I wonder if there is a recording, even a transcript of the meeting with Mr. Fox, i could take a gawk at?
I know i am mad, should see someone about it, maybe later.
It made sense in the 30s for the home shirt to have white sleeves. In those days people got their visual news at the cinema. Films were in black and white as was the newsreels of course. When Arsenal were shown it was easy to identify Arsenal to the audience by the newsreel commentator. In mono it is difficult to distinguish between red and blue and other colours. But white is easy to see so the commentator would simply say ‘Arsenal are the team in white sleeves’

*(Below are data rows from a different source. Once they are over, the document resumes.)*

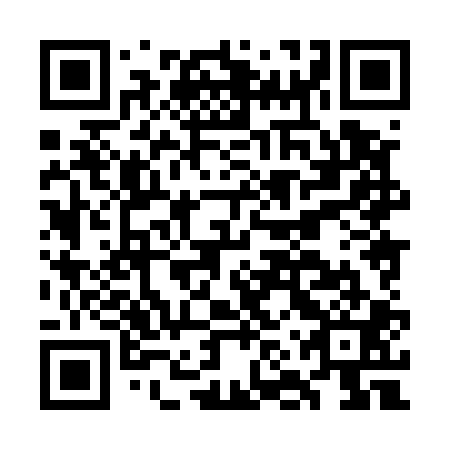 QR code for GNX 501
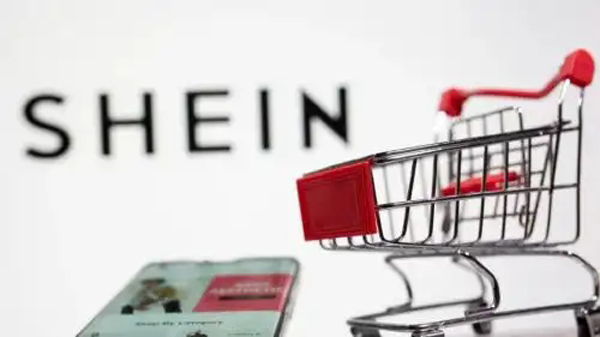 时尚与环保可以兼得：SHEIN以技术创新促绿色化升级
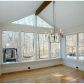 9380 Delft Way, Alpharetta, GA 30022 ID:11651490
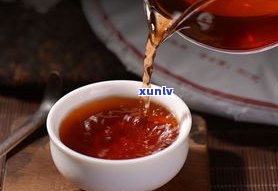 现在普洱茶好不好-现在普洱茶好不好喝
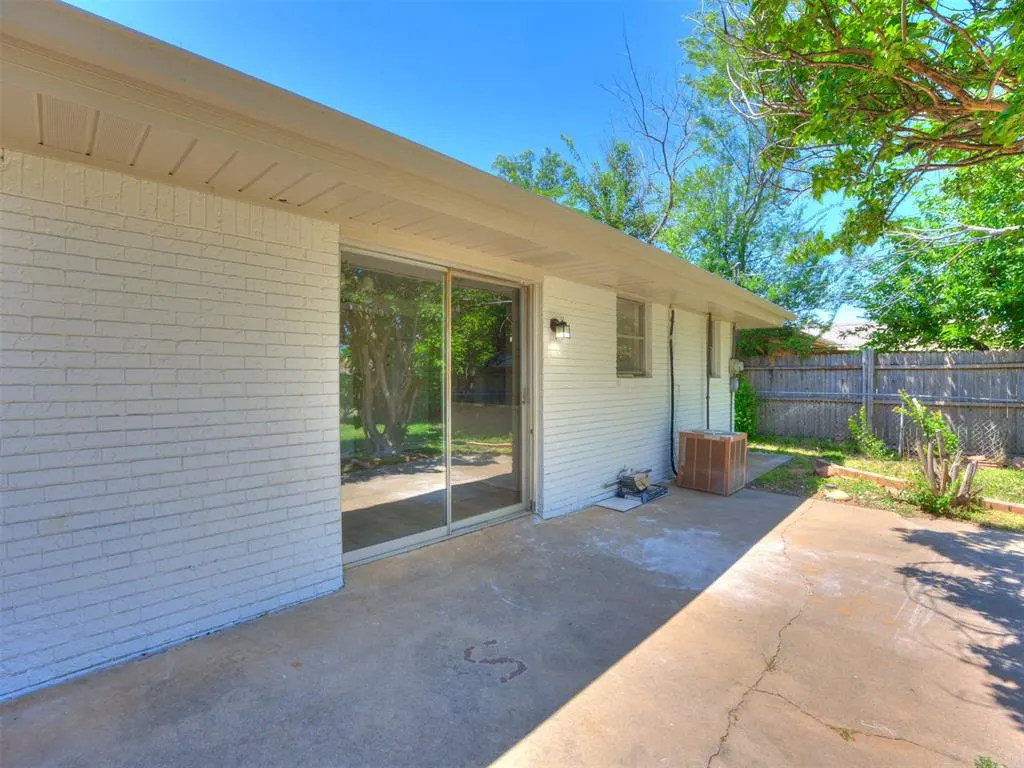 Photo 31 — 5408 S Monte Drive, Oklahoma City, OK 73119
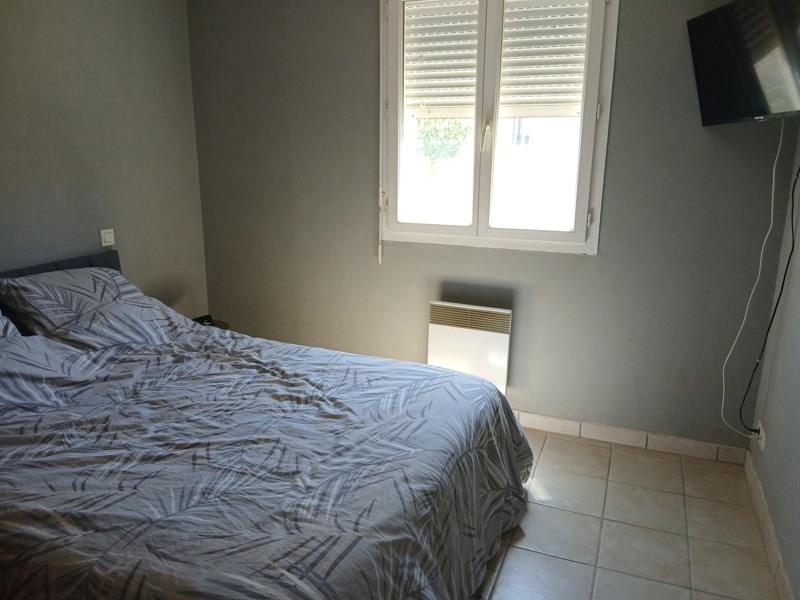 Vente Maison Montfaucon - 3 pièces -71 m² - (46240)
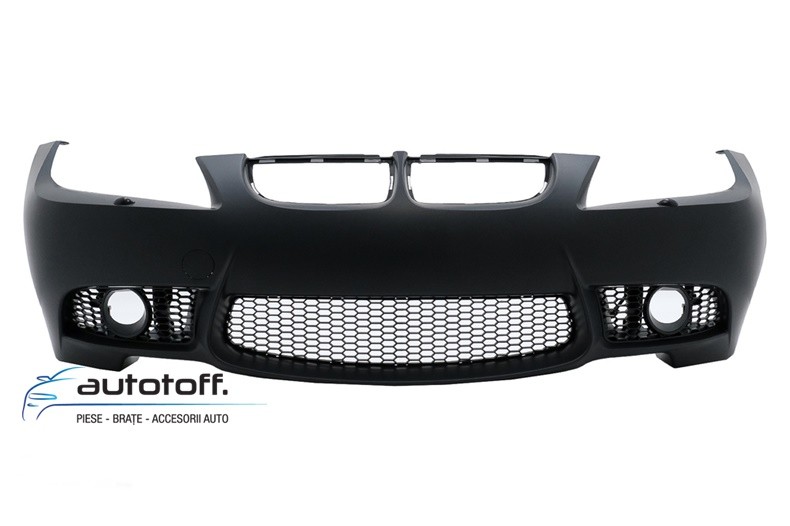 Bara fata BMW Seria 3 E90 E91 (04-08) model M3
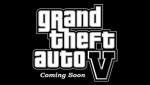 GTA 5 GTA 5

The design has been copied are round the world. A small team that has made it into the Champions League this season is Braga, who play in the Portuguese League. They play in red shirts with white sleeves and white shorts and are known in Portugal as ‘The Arsenalists’
@Andy Kelly – I have the Official History of Arsenal 1886-1998 by Martin Tyler and Phil Soar, and early on there is a picture of one of the club’s first internationals, goalkeeper Caesar Llewllyn Jenkins, wearing the red and light-blue stripes (in those days goalkeepers wore the same as outfielders).